How To Fix CVE-2022-0633- An Authenticated Backup Download Vulnerability In UpdraftPlus WordPress Plugin?
UpdraftPlus has released version 1.22.3 for patching the vulnerability. UpdraftPlus has pushed the forced auto-updates due to the severity of the issue. We urge you to verify the current version of the UpdraftPlus on your WordPress website and update the plugin to version 1.22.3 / 2.22.3 or later. You can find UpdraftPlus’s official advisory here.
How to upgrade the UpdraftPlus plugin in WordPress?
You don’t have to manually upgrade the plugin if you have enabled the auto-upgrade option. Follow the simple procedure to upgrade the plugin manually.
- Log in to the WordPress Admin page
- Select ‘Plugin’ option from the left-hand site options
- Upgrade the PluginSelect the ‘Enable auto-updates option to receive automatic updates. Or Click on the ‘Update Now’ option right below the plugin. However, the ‘Update Now’ option will only be available when the Plugin Author rolls out an update.
For a WordPress website, it is mandatory to keep all the plugins up to date. But, updating plugins are not enough to protect your WordPress website. We highly recommend taking the subscription of security solutions such as Jetpack and WordFence.
Both Jetpack and Wordfence will always work hard to protect your WordPress website from such threats and vulnerabilities.
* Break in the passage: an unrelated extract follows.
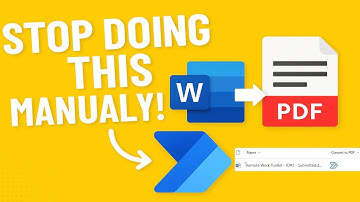 Convert Word to PDF Automatically in SharePoint with Power Automate | Add Button to SharePoint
If you are using Jetpack on your website, we recommend subscribing to their Jetpack Security plan, covering malicious file scanning and backups. Suppose you have been using Wordfence Premium on your WordPress website. In that case, your website is protected from any exploits targeting this vulnerability as Wordfence already implemented the firewall rule on Feb 17, 2022, for Premium subscribers. Wordfence said that their free subscribers would receive this update after 30 days, on Mar 19, 2022.